Although the SEC and industry players insist its decision to allow the use of “masked information” is unrelated to the coronavirus pandemic, the timing is eerily coincidental. Cybersecurity experts have recently warned that COVID-19 has given cybercriminals a greater opportunity for breaking into networks now that more employees are working remotely.
The Security Traders Association (STA), Financial Information Forum (FIF) and other industry groups such as the Securities Industry and Financial Markets Association advocated for the deletion of sensitive customer information even before the pandemic broke out. So did the CAT NMS Plan Operating Committee created by the exchanges to implement CAT back in October 2019. However, it wasn’t until March 17 that the SEC’s Chairman Jay Clayton publicly announced the changes to CAT’s customer data requirements.
“The cybersecurity concerns have been an ongoing issue and broker-dealers needed to have some relief from the possibility that cybersecurity breaches could expose sensitive customer information,” says Jim Toes, president of the STA, the New York-based trade group representing trading desks at broker-dealers and asset management shops. As part of addressing cybersecurity concerns, the SEC’s Clayton says the agency will also be looking into how access to customer and account information can be restricted and whether there are additional security measures that would enhance the security of the CAT data both inside and outside of the CAT system.
The SEC’s announcement of the change in customer information requirements on March 17 was overshadowed by its release of a no-action letter the previous day saying it would temporarily postpone any enforcement action against CAT’s plan participants for failing to ensure broker-dealers meet the CAT milestone dates. The exchanges and FINRA, in turn, provided broker-dealers with assurances that they would not seek enforcement action against them for any reporting delays which can be far longer for equities than options. Transactions in equities can now be reported on May 20 instead of April 20. The timetable for reporting transactions in options has also been switched to May 20. That’s two days afer the original May 18 deadline.
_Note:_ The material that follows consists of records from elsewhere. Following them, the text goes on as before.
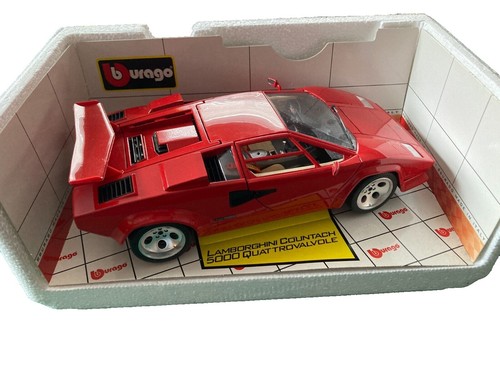 LAMBORGHINI COUNTACH LPI 800-4 1:64 Miniature de Collection Diorama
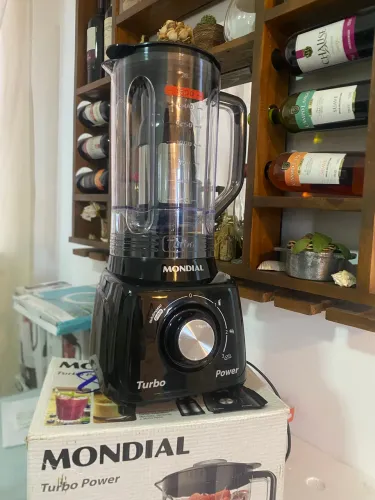 Liquidificador Mondial 220v 2,2L 550W novo lacrado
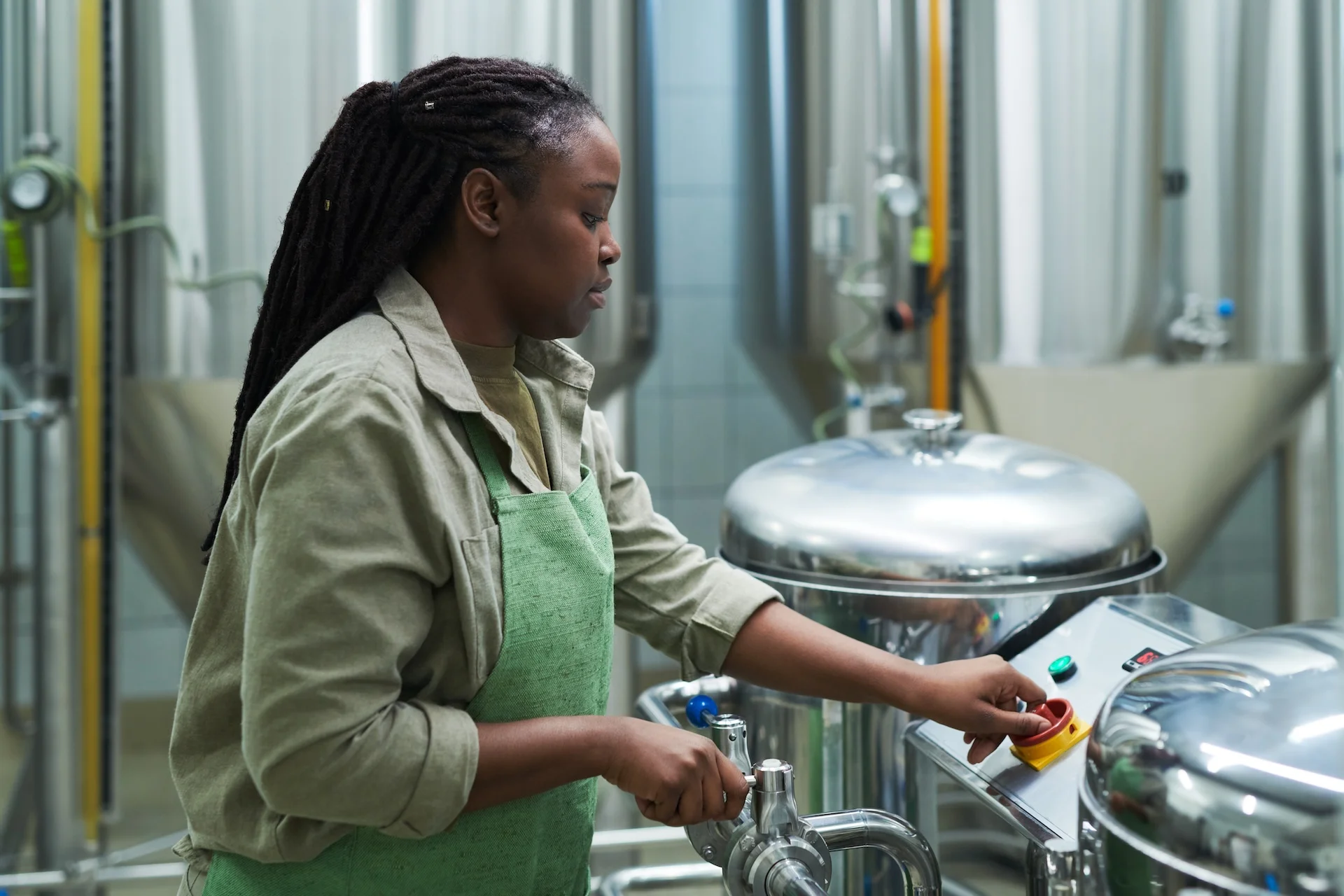 Africa’s Chemicals Sector is Booming, Trends to Keep an Eye On: What’s Shaping the Future of the Chemicals Sector? Africa For Investors, Arise IIP SEZs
Data on underlying customers won’t be due until next year.
“The SEC recognized that market volatility combined with setting up remote workplaces would be challenging for broker-dealers,” says Christopher Bok, director of FIF, a New York trade group focused on regulatory compliance and market data management. “Delaying the first phase of CAT allows broker-dealers to also focus on other pressing issues.” Yet another benefit of the delay, says Gargone: “Broker-dealers can use the time to reduce the potential for errors which, in turn, will reduce the potential for fines from FINRA.”. Broker-dealer IT and compliance managers are naturally hoping that the SEC will also postpone enforcing the subsequent phases of CAT’s roll-out.
While most of the attention about the SEC’s recent actions has focused on the delay in CAT reporting, IT managers sound just as relieved that the risk of theft of f customer data have been somewhat mitigated. ” At this point we don’t care about why the SEC finally decided to address the problem,” quips one IT manager at an East Coast brokerage. “We are happy the SEC finally listened.”